Third, the historical reliability of the Gospels has been confirmed over and over again. Most recently, Eddy and Boyd (The Jesus Legend)apply to the Gospels “six broad diagnostic questions historians routinely ask of ancient documents in order to assess their historical reliability. They convincingly demonstrate that the Gospels pass every test.

Finally, Barbara and David Mikkelson (from Snopes.com) were interviewed in the DVD to show that fictional stories can become believed as actual history. That’s true, but no one dismisses Herodotus, Josephus, or Tacitus on that account.

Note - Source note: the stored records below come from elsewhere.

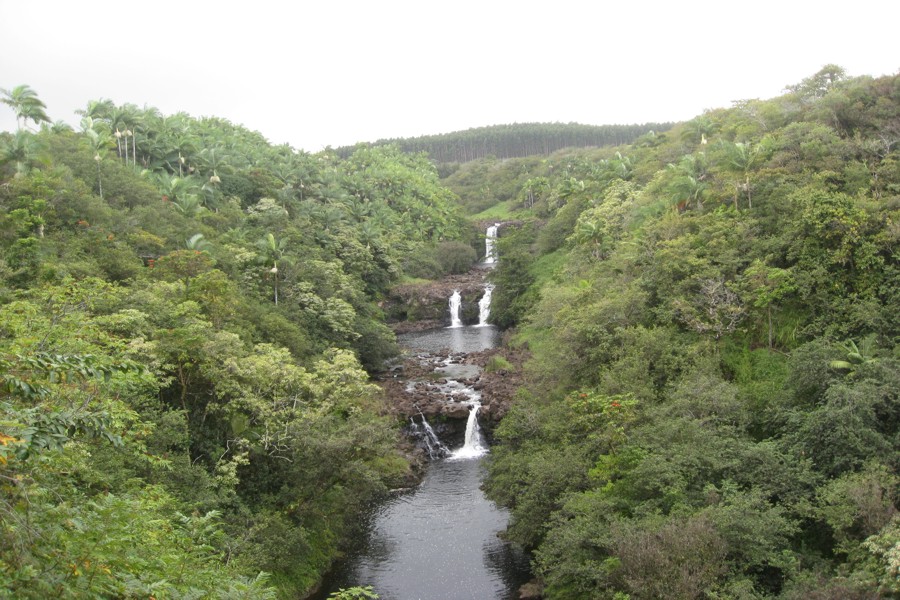 ../image/world botanical gardens - umauma falls 7.jpg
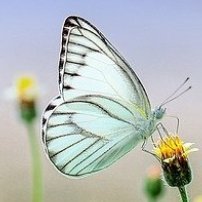 Psychotherapy Commission at ACPE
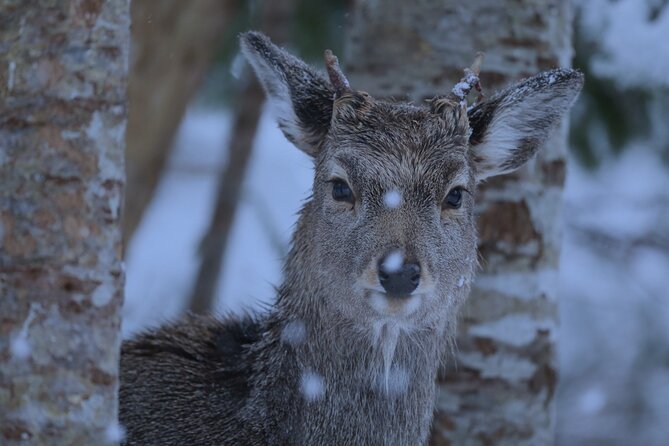 Night Hike in Shiretoko National Park With Snowshoe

We should remember that few of those who spread internet rumors would be willing risk their life for their rumors. Everything we know about early Christians supports the fact that they were so convinced that what they believed about Jesus was true, they were willing to face beating, imprisonment, torture, and even death. Besides, as seen above, the broad historical reliability of the Gospels has been verified over and over again.

Sixth, since there were ancient Jews and Jewish Christians who thought Jesus had been killed a century earlier under Alexander Jannaeus or Herod, this diversity of opinion about Jesus supports the idea that Jesus of the Gospels was a myth based on earlier stories that circulated before the time Jesus was supposed to have existed.

First, the idea that early Christians had significant disagreements about when Jesus lived is simply not true. Matthew, Mark, Luke, John, Acts, First Timothy (all first century AD), and even early church fathers like Ignatius (d. AD 98/117), Justin Martyr (AD 100-165), Tertullian, (AD 160-220) and Irenaeus (Fl 175-195) all agree that Jesus was executed during the reign of Pontius Pilate who ruled Judea from AD 26-36. That Jesus was executed during the reign of Pontius Pilate is also confirmed by non-Christian historians like Josephus and Tacitus.

On the DVD Price doesn’t say where he gets the idea that Jesus lived during the reign of Alexander Jannaeus (103-76 BC), but in his book, Deconstructing Jesus, he says that this fact is attested in both the Talmud and in the “Toledoth Jeschu.” Price doesn’t bother to mention that the Talmud and “Toledoth Jeschu” weren’t compiled until the fifth century AD or later.

So essentially, Price is throwing out the testimony of Matthew, Mark, Luke, John, Acts, First Timothy, Ignatius, Josephus and Tacitus—all less than 100 years after Jesus death—in favor of two documents written 400 or more years after Jesus’ death! Some might say that something other than objective scholarship is going on here.

Conclusion

Not only does the Jesus myth theory fail miserably, the evidence for Jesus’ existence is so strong that it appears that those who promote it are engaging in something other than objective scholarship. In fact, I would put them in the same general category as those who deny the holocaust.